THE PROBLEM ::
Each line below from the one containing "Pantaloncini da uomo" through the one containing "MotoGP MM93 2025" should be output exactly as it stands, and no other line should appear.

SOURCE MATERIAL ::
● ● ● ● ●

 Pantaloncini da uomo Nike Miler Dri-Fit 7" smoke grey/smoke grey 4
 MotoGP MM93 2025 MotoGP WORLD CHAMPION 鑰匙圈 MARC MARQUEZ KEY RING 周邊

● ● ● ● ●

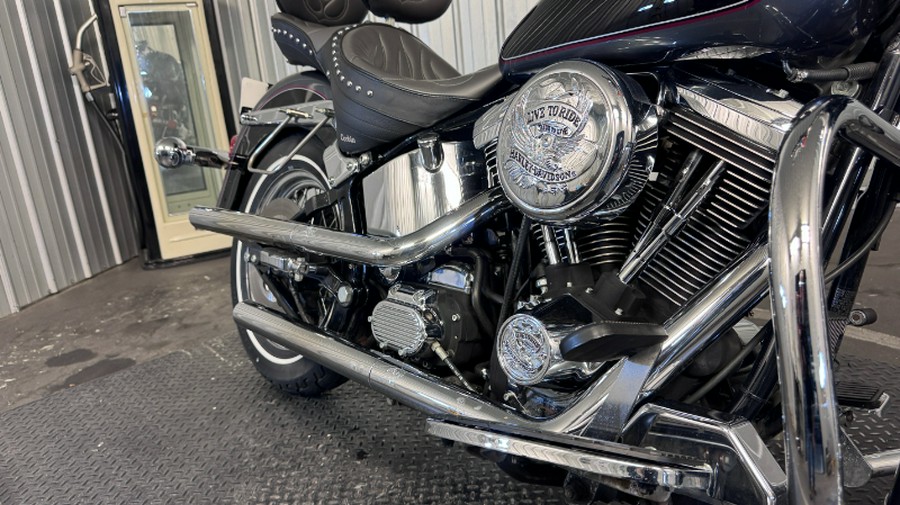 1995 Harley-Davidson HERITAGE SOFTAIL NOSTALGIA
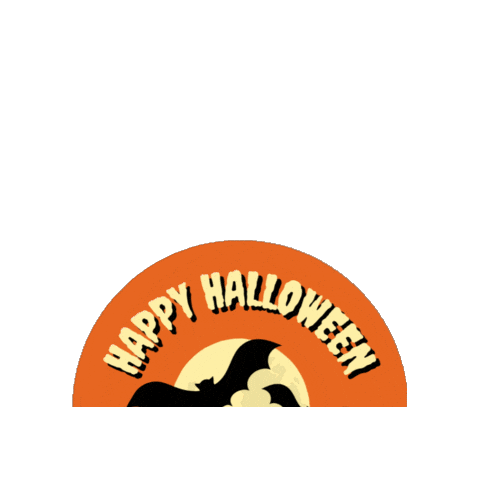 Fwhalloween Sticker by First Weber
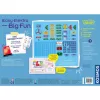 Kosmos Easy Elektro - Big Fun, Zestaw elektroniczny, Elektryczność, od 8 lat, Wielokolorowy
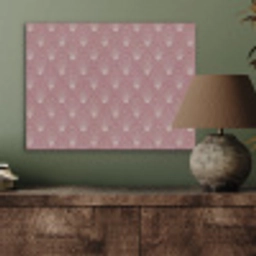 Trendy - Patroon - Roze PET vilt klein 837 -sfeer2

● ● ● ● ●

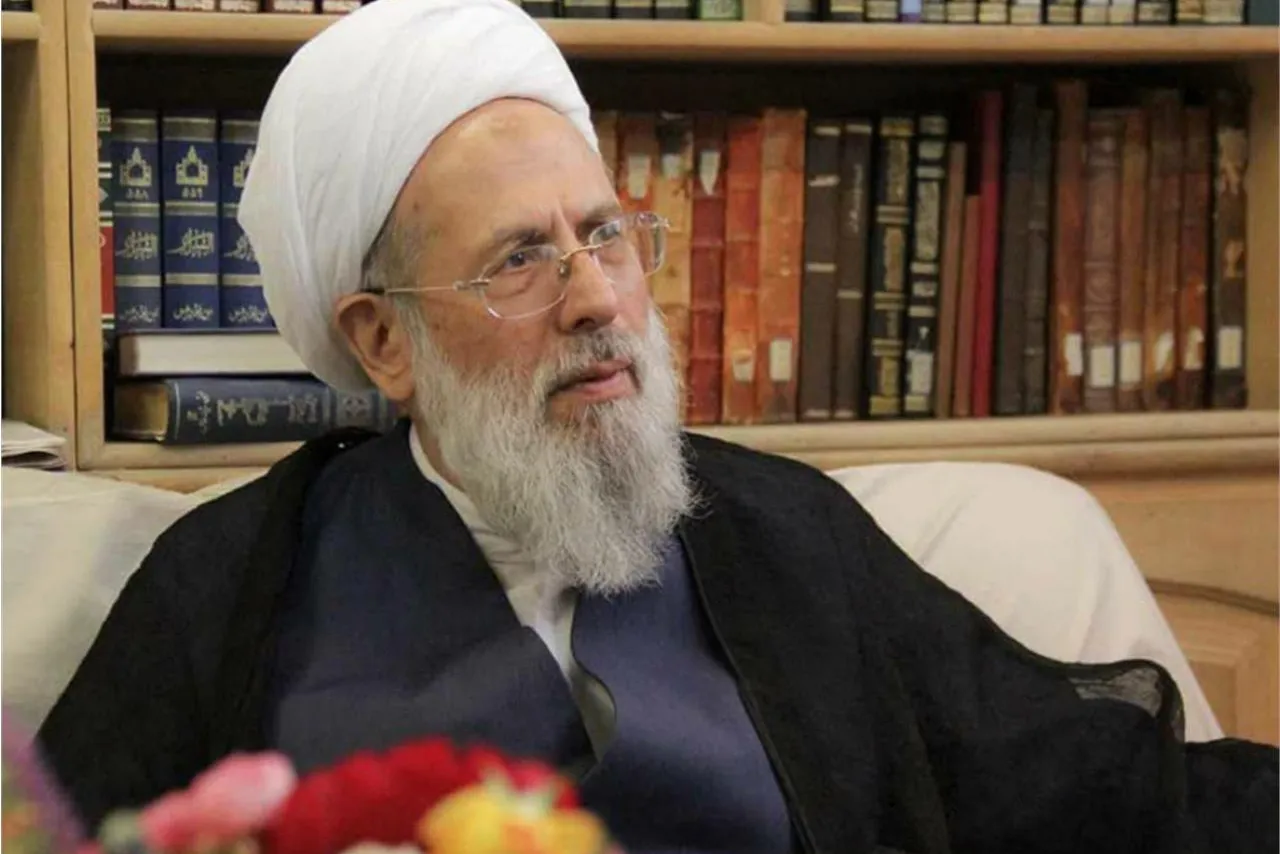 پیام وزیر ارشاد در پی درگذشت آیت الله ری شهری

● ● ● ● ●

EXERCISE RESPONSE ::
 Pantaloncini da uomo Nike Miler Dri-Fit 7" smoke grey/smoke grey 4
 MotoGP MM93 2025 MotoGP WORLD CHAMPION 鑰匙圈 MARC MARQUEZ KEY RING 周邊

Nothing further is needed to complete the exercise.